Sorvolarono terre nascoste da alte nubi bianche, poi videro alti picchi coperti di neve e valli glaciali molto più in basso. Savi lanciò in discesa il sonie, a est dei picchi, e sorvolarono a qualche migliaio di metri una foresta pluviale e verdi savane, muovendosi sempre a tale velocità che molti picchi comparivano come puntini sopra l’orizzonte e diventavano montagne nel giro di pochi secondi.

«Questo è il Sud America?» chiese Harman.

«Lo era, un tempo» rispose Savi.

«Cosa significa?»

«Significa che i continenti sono un po’ cambiati, da quando furono disegnate le carte che hai visto» spiegò Savi. «E hanno anche avuto altri nomi, da allora. Le carte che hai visto mostravano che questa massa di terra era collegata a quella che chiamavano Nord America?»

«Sì.»

«Non lo è più.» Toccò i simboli olografici, girò la manopola e il sonie si abbassò. Ada si alzò sui gomiti, capelli contro la bolla, e guardò tutt’intorno. In silenzio, a parte il fruscio dell’aria sulla bolla, il sonie procedette in volo poco sopra la cima degli alberi: cicadacee, felci giganti, antichi alberi privi di foglie passarono in un lampo. A ovest spuntavano le prime alture verso la linea dei grandi picchi. Più a est, altri alberi primitivi punteggiavano le ondulate praterie. Grossi animali si muovevano come macchie confuse lungo i fiumi e presso i laghi. Altri, con grugni che parevano assurdi, striati di bianco, marrone, tanè, rosso, erano intenti a brucare. Ada non ne riconobbe nessuno.

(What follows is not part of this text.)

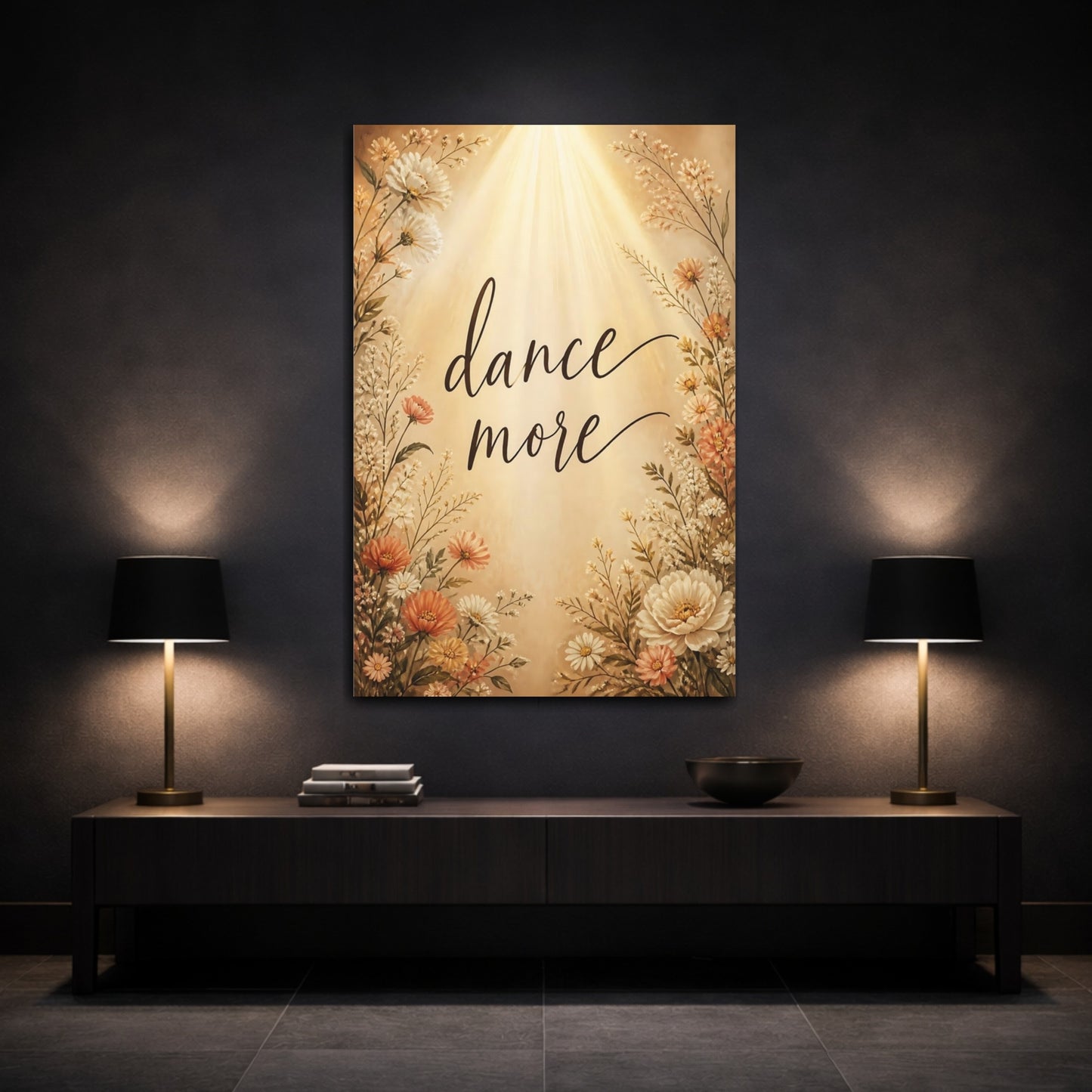 Mockup 3. Dance More Floral Quote shown as canvas print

All’improvviso, una trentina di metri sotto il sonie, un branco di quegli erbivori si diede alla fuga: le bestie erano in preda al panico, correvano per salvarsi. Dietro di loro saltavano cinque o sei creature simili a uccelli, massicce, alte forse più di due metri e mezzo, stimò Ada, con piumaggio scompigliato e il becco più grosso e il muso più brutto che lei avesse mai visto. Gli erbivori correvano velocemente, cinquanta o sessanta chilometri all’ora, immaginò Ada nei secondi prima che il sonie la portasse fuori vista, ma gli uccelli erano ancora più veloci, forse toccavano i novanta chilometri all’ora, quattro volte più veloci di qualsiasi troika o calesse.

«Cosa…» cominciò Hannah.

«Uccelli Terrore» disse Savi. «Fororacidi. Dopo il rubicon, gli ARNisti si sono divertiti così per qualche secolo di follia. In un certo senso è appropriato, perché i veri Uccelli Terrore vagavano su quelle praterie e montagne circa due milioni di anni fa, ma quel tipo di merda, come i vostri dinosauri su al nord, rovina l’ecologia. I post promisero di ripulire il pianeta durante lo Iato del fax finale, ma non mantennero la promessa.»

«Cos’è un ARNista?» chiese Ada. Gli animali, gli Uccelli Terrore dal becco rosso e le loro prede, erano fuori vista, dietro di loro. Branchi più grandi, composti di animali di taglia maggiore, erano visibili adesso a ovest ed erano avvicinati furtivamente da creature simili a tigri. Il sonie virò in alto e puntò verso le alture.

Savi sospirò, come per stanchezza. «Artisti dell’RNA. Freelance del ricombinante. Ribelli sociali e allegri burloni con ordinatori in sequenza e vasche di rigenerazione prodotti clandestinamente.» Guardò Ada, poi Harman, poi Daeman e Hannah. «Non fate caso alle mie parole, bambini.»

Volarono per altri quindici minuti sopra foreste fumanti e poi virarono a ovest su una catena montuosa. Nubi si muovevano intorno a loro e fra i picchi più in basso e la neve frustava il sonie, ma il campo di forza teneva a bada gli elementi.

Savi toccò un’icona brillante. Il sonie rallentò, volteggiò e girò a ovest verso il sole del tardo pomeriggio. Erano molto in alto.

«Oddio!» esclamò Harman.

Davanti a loro, due picchi aguzzi si ergevano ai lati di una stretta gola coperta di terrazze erbose e di rovine davvero antiche, mura di pietra prive di tetto. Un ponte sospeso, anch’esso dell’Età Perduta, ma chiaramente meno antico, correva da un picco aguzzo all’altro sopra le rovine. La strada non proseguiva oltre il ponte (il piano stradale finiva contro un muro di roccia alle due estremità) e le fondamenta erano incassate nella roccia fra le rovine in basso.

Il sonie girò in tondo.

«Un ponte sospeso» mormorò Harman. «C’erano, nei libri.»